Create a new method in the _Main class named splitUsingPDFFile(String inputFile, String _directory). This method will be called inside the run() method, as shown above.

Java

void splitUsingPDFFile(String inputFile, String _directory) { 
   PDFFile pdfFile = new PDFFile(inputFile); 
   int totalPages = pdfFile.getPageCount(); 
   System.out.println("SplitUsingPDFFile..\nTotal pages:" + totalPages + " Splitting pages:"); 
   for (int page = 1; page <= totalPages; page++)  
   { 
      System.out.println(page + ".."); 
      String outputFilename = Paths.get(inputFile).toFile().getName(); 
      if(outputFilename.lastIndexOf('.') != -1) 
         outputFilename = outputFilename.substring(0, outputFilename.lastIndexOf('.')); 
      outputFilename = outputFilename + "_pdffile_page" + page + ".pdf"; 
      String outputFile = _directory + "\\" + outputFilename; 
      pdfFile.extractPages(page, page, outputFile); 
   } 
}

Method 3: Use LEADDocument

This approach is the most advanced of the three and it utilizes the LEADDocument and DocumentConverter classes.

Since these classes are versatile for use with different formats, similar code can be used for splitting many types of document files and outputting to different document and raster formats.

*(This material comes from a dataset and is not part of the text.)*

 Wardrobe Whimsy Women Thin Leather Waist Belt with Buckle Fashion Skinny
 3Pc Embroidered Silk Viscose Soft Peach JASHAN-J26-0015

For example, in the code below, simply changing DocumentFormat.PDF to become DocumentFormat.DOCX will split the file into Microsoft Word output pages instead of PDF pages. Additionally, these powerful classes produce optimized output files.

Configure Executor Service

Because document conversion jobs are asynchronous, a Java ExecutorService is required to be configured and assigned to the RasterDefaults class.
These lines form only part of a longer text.